I’d suggest a back so items don’t get pushed too far - and possibly a drawer so smaller items don’t get lost - ooh, and attach a piece of metal somewhere so you can store magnets (f you’re going to use them)
Can’t wait to see what you do with your new Forge!
Do you use magnets for anything in particular in operating your’s? Or are you talking about if I am using them as a material? Not sure if people use like magnet jigs on the crumb tray or anything.

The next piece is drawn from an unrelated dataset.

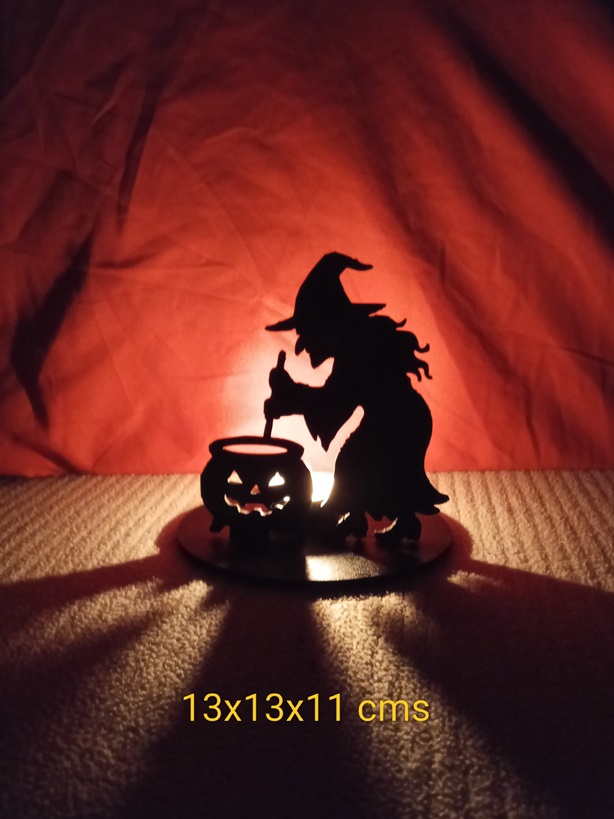 Portavelas Halloween bruja caldero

Magnets make great hold-downs, especially the old hard-drive magnets that have a piece of steel on the back so they are only magnetic toward the tray and not up toward the air-assist fan
Between the Honeycomb bed holdown pins, magnets, and (if your material is crazy light) repositionable spray adhesive there’s nothing you can’t control
Wow, that is some nice upcycled trash. My poor glowforge is living in the slums.
Some people use magnets to secure their material to the crumb tray. I screwed a cheap metal bracket to the side of my table to store the magnets. A few months ago glowforge enabled the air assist fan sensor to determine if it is stuck. When the air assist fan passes over a very strong magnet it may stop the fan and the glowforge throws an error. This stops the laser head in place and effectively cancels the print thereby ruining what you were doing. I’ve heard that they tweaked their sensing algorithm to try and minimize this. All I know is I’ve been careful since I encountered it and haven’t had an issue since.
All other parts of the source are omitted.